If candidate isn’t available for interview, can employer cancel it?

If an external candidate is unavailable for an interview at the time designated by the hiring manager, can the organization rescind their offer to interview the candidate?

Stuart Rudner
Question: If an external candidate is unavailable for an interview at the time designated by the hiring manager, can the organization rescind their offer to interview the candidate?

Answer: An interview is a meeting between an employer and an applicant to discuss potential employment. The offer to interview a potential employee does not bind the employer as a contract would, or create any duty to work with their schedule. In the absence of a collective agreement or other contract which would apply to the specific situation, there is no duty to interview a particular individual or hold a job open for her when she is not available to be interviewed.
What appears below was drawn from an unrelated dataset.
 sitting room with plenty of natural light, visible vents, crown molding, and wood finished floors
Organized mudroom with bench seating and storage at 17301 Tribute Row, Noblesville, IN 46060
There is also no general duty to accommodate an applicant who is unable to attend an interview at the designated time and place. However, if the cause of the interviewee’s unavailability is a protected ground under the applicable human rights legislation, there may be a duty to accommodate.

In all Canadian jurisdictions, human rights legislation restricts how employers select, interview and hire new employees. For example, Ontario’s Human Rights Code prohibits discrimination on the grounds of race, ethnicity, place of origin, sex, religion and several other grounds. One of the objectives of the legislation is to ensure employment decisions are based on the applicant’s abilities and not on extrinsic factors.
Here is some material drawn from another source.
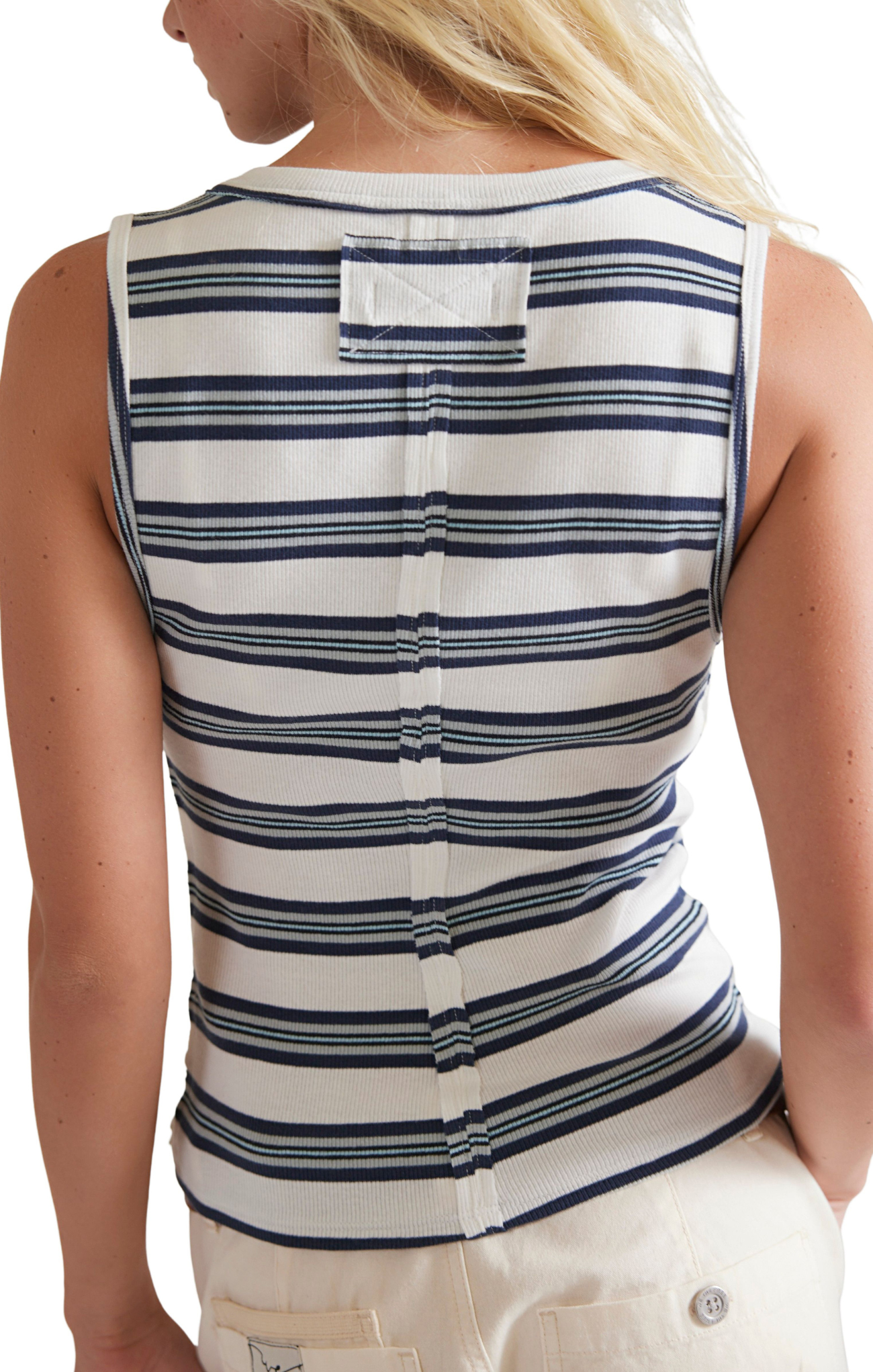 Close-up of a person wearing a white and blue striped shirt with a blurred background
In the course of scheduling interviews, situations may arise where a potential employee is invited to interview on a day that is, for example, a recognized holiday in the applicant’s religion. The employer should make a reasonable effort to accommodate the applicant in such a case, unless there is a bona fide reason why accommodation is impossible.

Another potential issue exists where an applicant is unable to attend because of family commitments. For example, an applicant may inform the employer she cannot attend before or after business hours (early in the morning or later in the evening) due to childcare commitments. In this situation, the employer must be careful not to prejudge the applicant’s availability for the job and should make the effort to accommodate the prospective employee.

Generally speaking, difficulties caused by protected grounds should be accommodated to the extent possible. Failure to do so can be a violation of the applicable human rights legislation. Given the tendency of the courts to take a strict approach to human rights complaints in the employment context, employers should review their practices and policies to ensure they are consistent with the applicable human rights code and, in particular, duty to accommodate.